Believe it or not, I used to be a kid. That’s what I tell my kids all the time. I think my son may believe it, old soul that he’s always been. But my daughter remains skeptical and constantly seeks proof, as though the old family photos of a mini-me aren’t enough.

In my kids’ minds, I was born carrying a checkbook, doing laundry and packing lunches. They believe the first words out of my mouth were, “Stop doing that.” And I never wasted time and money or got dirty, either, despite living on a farm.

It doesn’t matter how many bad Kristy behavior tales my mother, other relatives and family friends share with my children, they remain abstract stories about somebody else’s little girl. My kids are convinced the small hand that once held a rattle was a miniature iron fist.

One day, after they’d done something especially despicable, like cutting each others hair, Connor asked the 800-pound gorilla question that had been lingering in the room: “Mom, ever wondered why you had kids?”

You’d think I would have been quicker with the answer, as I’d already been mulling it over. I bit my lip before proceeding. In the way of disclaimer, I asked him if he really wanted to know. He was naïve enough to say “yes” and I was irritated enough to unload.

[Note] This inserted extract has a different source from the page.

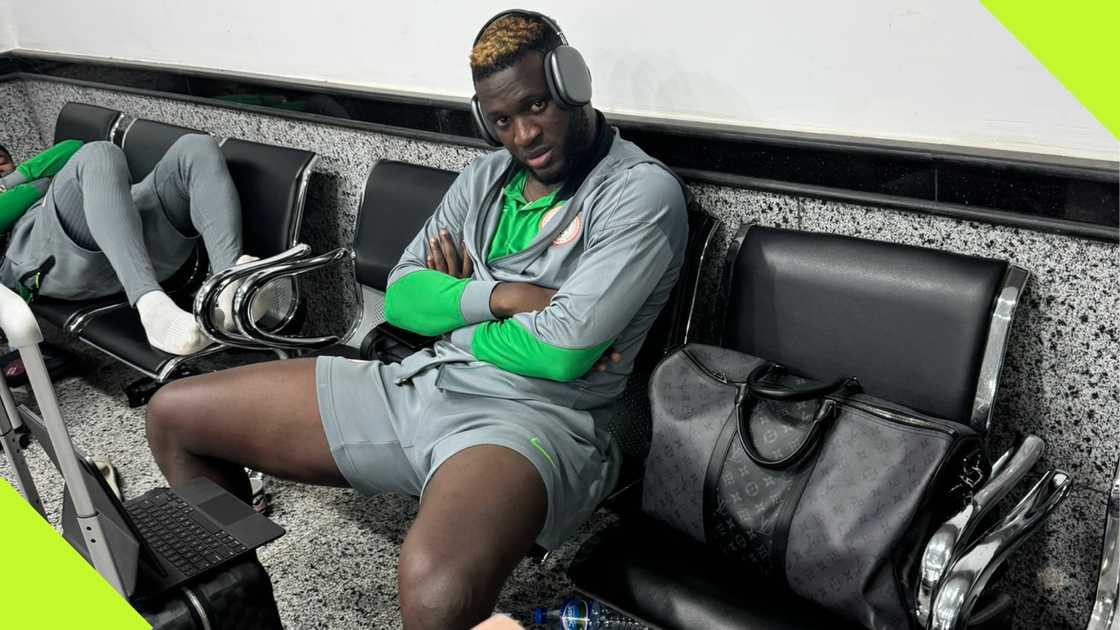Victor Boniface during Super Eagles' airport hostage ordeal in Libya. Victor Boniface during Super Eagles' airport hostage ordeal in Libya.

“Well,” I told him, “your dad and I had accumulated too much in savings and we had entirely too much time on our hands. We were also tired of our house looking clean and we both hated using the bathroom alone,” I began. He seemed to be following, so I continued.

“We started asking around, like people do when they’re shopping for a different vehicle or trying to determine where to go on vacation: You poll friends and co-workers for their opinions to save some leg work. According to those we surveyed, it was unanimous the quickest way to forfeit the maximum amount of money, time and order was to have children. So I went ahead and got pregnant for you.”

Wow. Just like that. I could see he was impressed. No unplanned pregnancy for his mother. Nope. She had it all figured out down to the crusted over cereal bowls she would someday be extracting from under the couch. It was all part of a master plan to introduce poverty, busyness and disarray into a previously satisfying life.

Years ago, before I had kids and in an era when talk shows were civilized, I witnessed the host pose this question to an expert on families, “Is there ever a good reason to have children?” The long and short answer was that as far as rational decision-making goes, having children simply couldn’t be classified as sane.

Sure, there’s the propagation of the species angle (which should not be overlooked), but except for those who need to grow their own farm laborers, children only serve to complicate life. In fact, one of the best ways to curse an enemy is not to wish sudden death on him, but to wish him buried alive via children. Think about it: You could delight in watching all the spontaneity, solitude, sleep, timeliness, disposable income and effectiveness slowly squeezed out of him.

In retaliation against children, it occurs to me that instead of improving the environment to someday hand over to them, we should hold them accountable for their role in ruining it. Policing the back door my children are prone to leave open on the coldest winter days, I concluded global warming is the net effect of millions of children carelessly failing to shut doors, thus sending all our home heat out into the environment.

I’ve written Al Gore about this inconvenient truth and am awaiting his response. No doubt, his people will come up with a public service campaign featuring a lame character, perhaps, “Drafty the Dog,” reminding kids to, “Shut the door for Mr. Gore.”

If this works, I will forward him my theory that boys urinating outside to irritate their mothers is the chief source of groundwater contamination. That’s me, always thinking. Anyone care to help me write the grant to fund that research?